Short text fragments from websites
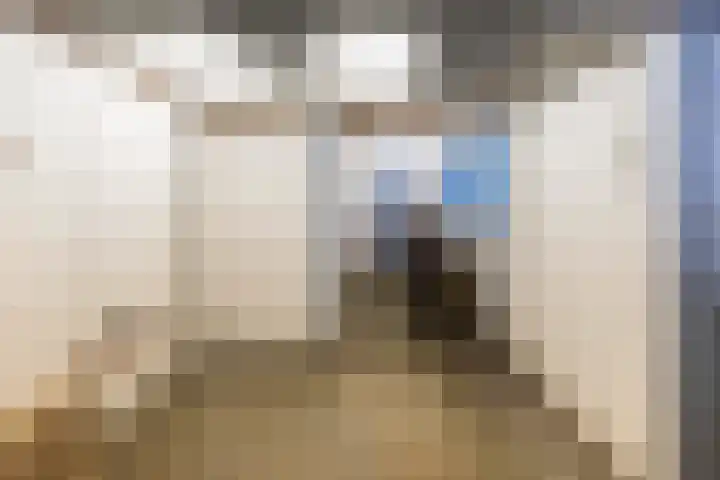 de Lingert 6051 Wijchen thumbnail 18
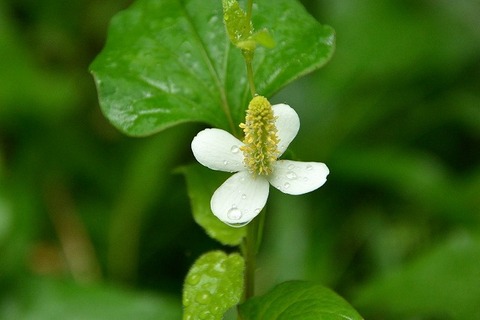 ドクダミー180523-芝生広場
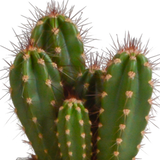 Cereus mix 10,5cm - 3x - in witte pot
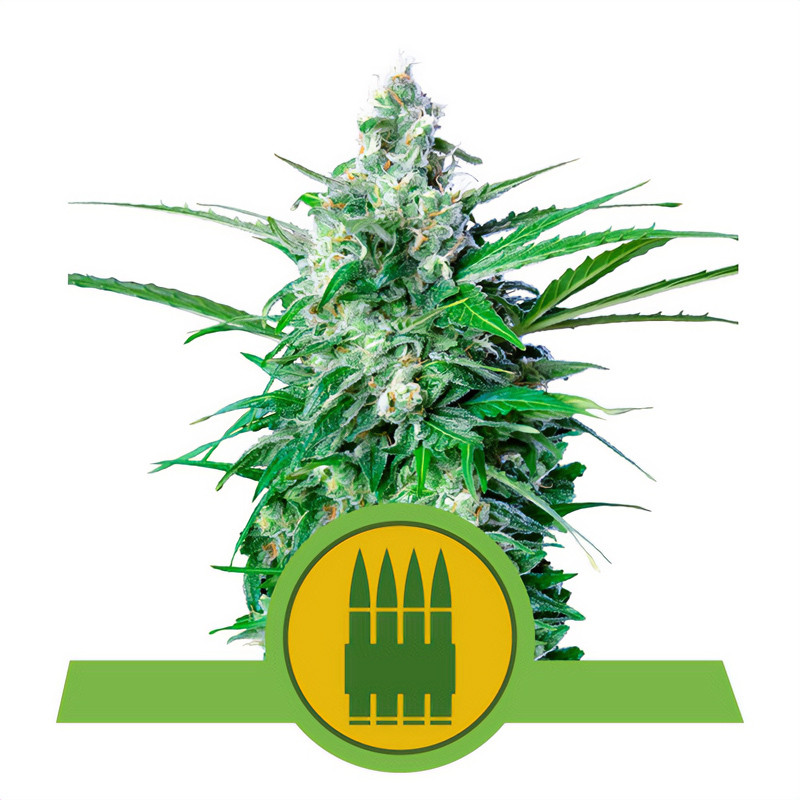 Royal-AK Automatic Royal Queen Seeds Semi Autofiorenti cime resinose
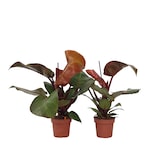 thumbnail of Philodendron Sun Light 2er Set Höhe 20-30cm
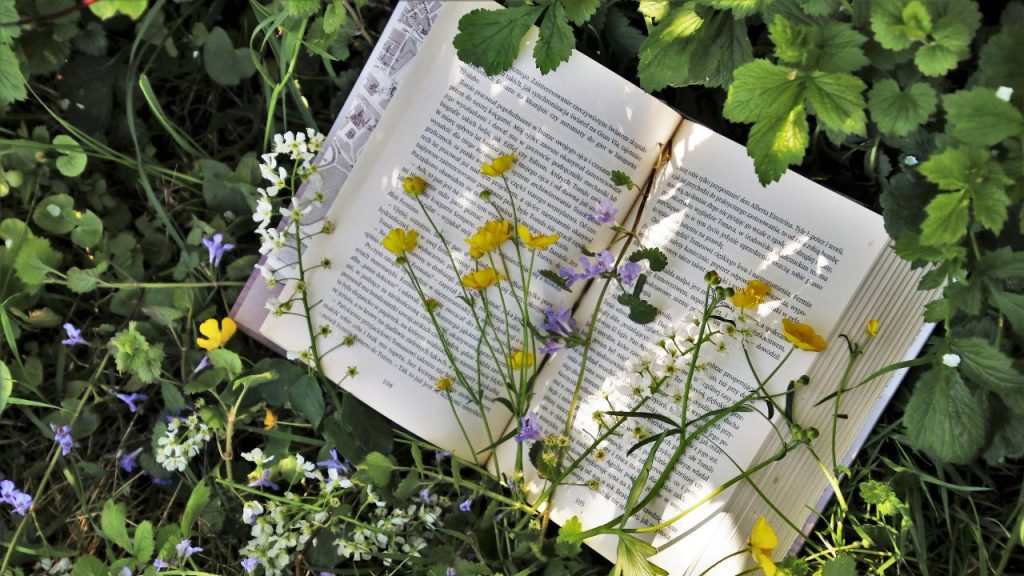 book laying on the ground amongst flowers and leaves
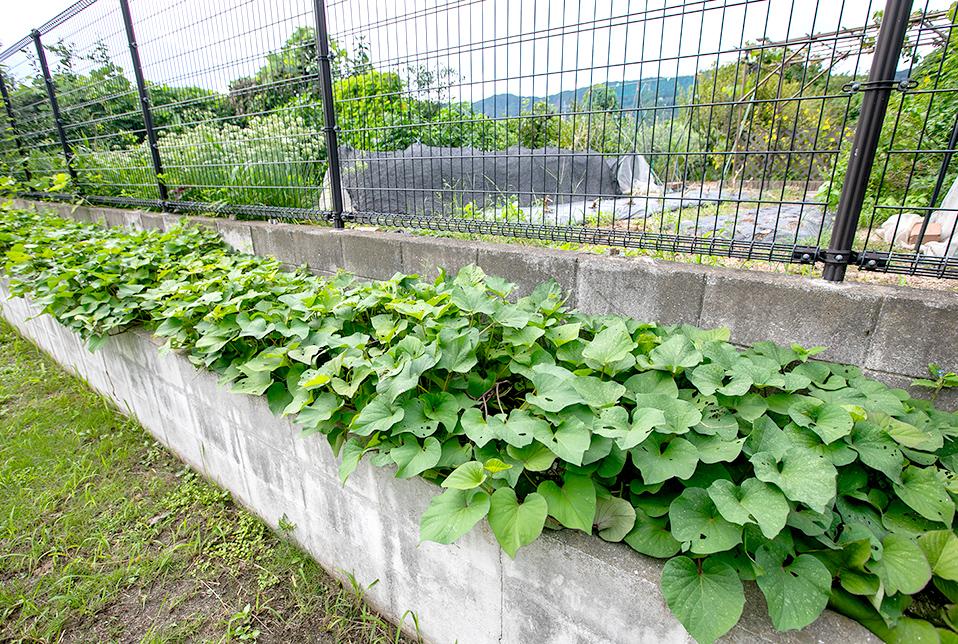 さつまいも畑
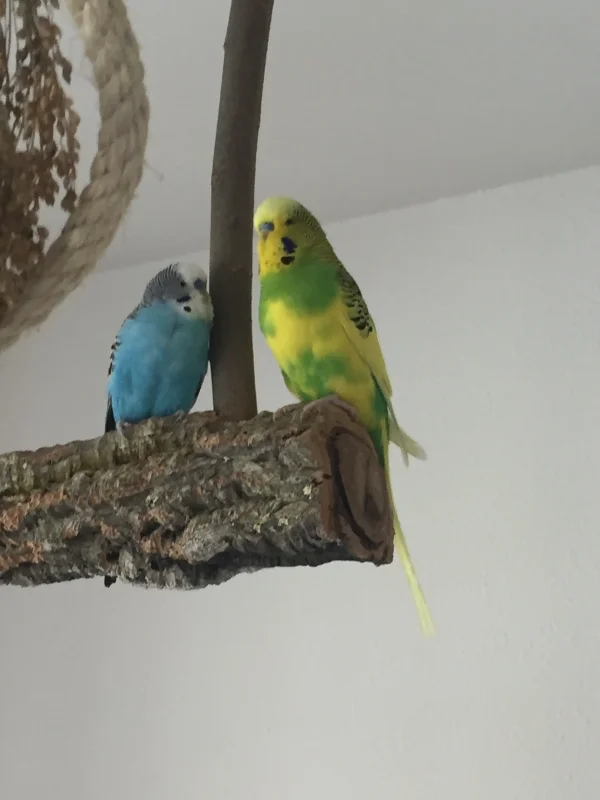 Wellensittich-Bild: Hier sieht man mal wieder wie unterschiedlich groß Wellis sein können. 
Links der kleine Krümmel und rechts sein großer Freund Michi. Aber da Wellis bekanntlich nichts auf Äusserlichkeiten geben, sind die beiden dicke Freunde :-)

● **Required action**: Only the text of the entries above, transcribed exactly, should be given; leave out pictures.

● **Reply to the task**:
 de Lingert 6051 Wijchen thumbnail 18
 ドクダミー180523-芝生広場
 Cereus mix 10,5cm - 3x - in witte pot
 Royal-AK Automatic Royal Queen Seeds Semi Autofiorenti cime resinose
 thumbnail of Philodendron Sun Light 2er Set Höhe 20-30cm
 book laying on the ground amongst flowers and leaves
 さつまいも畑
 Wellensittich-Bild: Hier sieht man mal wieder wie unterschiedlich groß Wellis sein können. 
Links der kleine Krümmel und rechts sein großer Freund Michi. Aber da Wellis bekanntlich nichts auf Äusserlichkeiten geben, sind die beiden dicke Freunde :-)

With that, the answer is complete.